Artist Uses 3D Printing To Save Art Destroyed By ISIS

This artist is salvaging work destroyed by ISIS through 3D printing and a year's worth of research.

Credit: Morehshin Allahyari

Credit: Morehshin Allahyari

Artist Morehshin Allahyari has spent the last year working with experts in art history and museum staff to gather information on several statues destroyed by ISIS and recreate them using 3D printing and the power of downloading.

Rhizome, an affiliate of the New Museum in New York, commissioned Allahyari to recreate some of the historical works smashed to pieces by ISIS, who terrorize the world with the vandalism of irreplaceable works and claim that it is to erase any history of polytheism.

Credit: Morehshin Allahyari

Credit: Morehshin Allahyari

Allahyari worked alongside museum staff to collect what little information is available from some of the destroyed pieces that were confirmed by archaeologists and historians. The artist makes it clear that her goal was never to replace the works, as that is not possible, but to create a digital time capsule. She explains that the project is all about “reconstructing not just the artifact, but the history and information.”

The project, titled Material Speculation: ISIS/Download, is put together into file that is available for anyone to download on the Rhizome website. So far, there are two works of art that anyone can download, and each file includes scholarly research, email correspondence with the Mosul Museum, high resolution images and 3-D printable versions of the artworks.

Allahyari 3D printed the projects as well and inserted a hard drive filled with all of the compiled information into the plastic replica of the statues.

Credit: ISIS

Credit: ISIS

Iraq’s Mosul Museum was hit hard early last year by ISIS, who took over the city of Mosul, looted the museum, and then destroyed the artifacts that were still there.
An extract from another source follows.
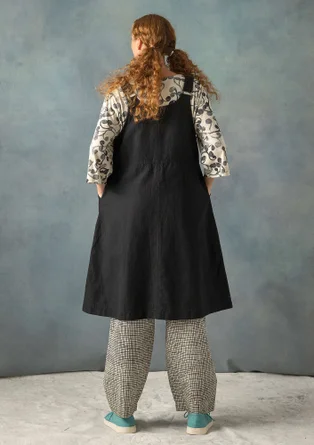 “Thessaloniki” woven organic cotton/linen pinafore dress - black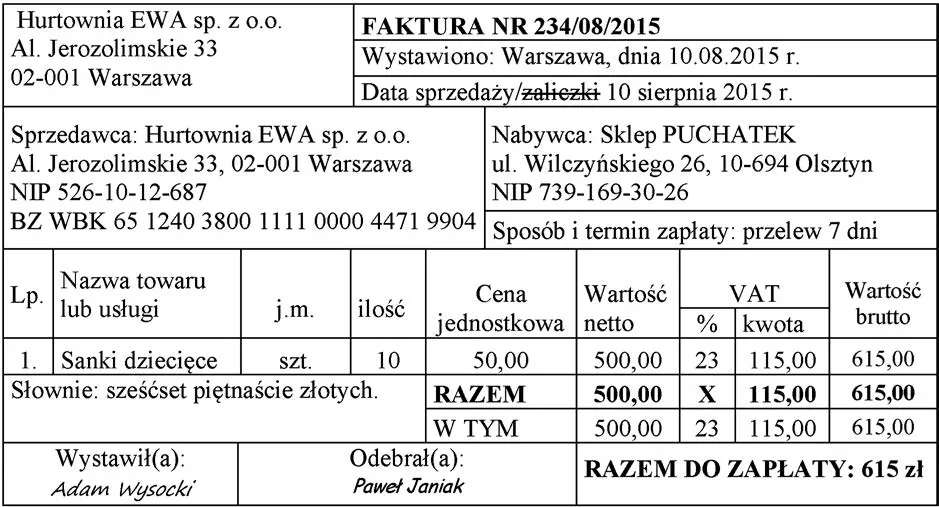 Ilustracja do pytania 410: Właściciel Sklepu PUCHATEK (płatnik podatku VAT) stosuje przy sprzedaży towarów…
Fortunately, the museum foresaw the invasion and transferred many of their works to the National Museum in Baghdad for safekeeping months before ISIS took over.

Video footage emerged of ISIS destroying some of the unique artifacts, inspiring artists and activists to recreate the works digitally.

Rhizome curator Paul Soulellis told the Observer,

“That’s what gives this project power—downloading. In a way, it gives the artwork new life.”